Cumhuriyet tarihinde ilk kez AKP ile devletin bütün imkanları muhalefete karşı kullanılmaktadır. Basın-yayını da istediği yandaşlarına devlet kredisiyle vererek demokrasilerde dördüncü güç olan basını da yanına almış oldu.
Dolayısıyla AKP'ye karşı muhalefet partilerinin varlığını devam ettirebilmesi ve iktidar olma iddiasını sürdürebilmesi için topluma açılan kapıların çoğu kapatılmıştır. Ne ulusal basın ne de kitle iletişim araçlarıyla muhalefetin sesini halka duyurması mümkün değildir.
Devletin gücünü muhalefette karşı baskı unsuru olarak kullanmak ve karşı çıkanları acımasızca ekarte etmek AKP'nin var oluş gayesine dönmüştür. Ülkenin iç ve dış politikasını "yap boz" oyununa dönüştüren iktidarın, bu yanlışlarının eleştirisini kabul etmediği gibi yapılan eleştirileri vatana ihanet şeklinde yorumlayıp halk nezdinde şimdiye kadar hiç görülmemiş şekilde bir algı operasyonu uygulamaktadır.

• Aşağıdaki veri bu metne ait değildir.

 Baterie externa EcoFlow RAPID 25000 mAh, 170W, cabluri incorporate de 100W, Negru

Muhalefet partilerinin elinde bu algı operasyonlarını boşa çıkarabilecek az sayıda yol ve yöntem bulunmaktadır. Halka açılan kapılar olan basın-yayın devre dışı bırakılmışsa, sosyal medya ve halkla birebir iletişim dışında başka bir yol ya da yöntem görülmemektedir.
Sosyal medya iktidarın baskılarına rağmen bütün dünya da olduğu gibi ülkemizde de farklı seslerin nefes aldığı bir alan olmaya devam etmektedir.

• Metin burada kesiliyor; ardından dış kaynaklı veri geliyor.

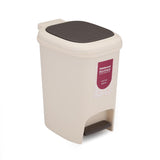 Pedal Press 8 L Polypropylene Dustbin- Beige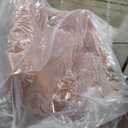 IDEALHOUSE 69 Inch Teddy Sofa, Loveseat Bean Bag Couch with Deep Seat, Upholstered Couches for Living Room, Bedroom, Apartment Brown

O halde sosyal medyayı en ideal şekilde kullanmak, iktidarın yalanlarına dayalı algı operasyonlarını boşa çıkarmanın ideal alanlarından biri olduğunu unutmamalıyız. Zira başka bir iletişim alanı da halihazırda görülmemektedir. Facebook, Twiter, Watsapp, Instagram , ve farklı kültür, sanat, haber gibi Web sitelerini en iyi şekilde kullanmak zorundayız.
Diğer yandan ikinci bir yol ise halkla bütünleşmek, yüz yüze görüşmek, mesajı direk anlatabilmek olmalıdır. Böylesi bir yöntemde de siyasi partilerin toplumda karşılık bulması da teşkilatlanma modellerinin yapısıyla ilintilidir.
Toplum, yıllarca algı operasyonlarıyla "kandırıldık" diyen bir iktidarın yalanlarından bıkmış güvenilir, sevilen, emin olunan donanımlı kişileri karşısında görmek istemektedir. Dolayısıyla kasırga gibi karşısına çıkan her şeyi yutan iktidara karşı tabandan tavana kadar teşkilatlar topluma mal edildiği oranda yani parti içi demokrasi tam anlamıyla uygulandığında vatandaş partisine, il ya da ilçesindeki teşkilatına sahip çıkacaktır.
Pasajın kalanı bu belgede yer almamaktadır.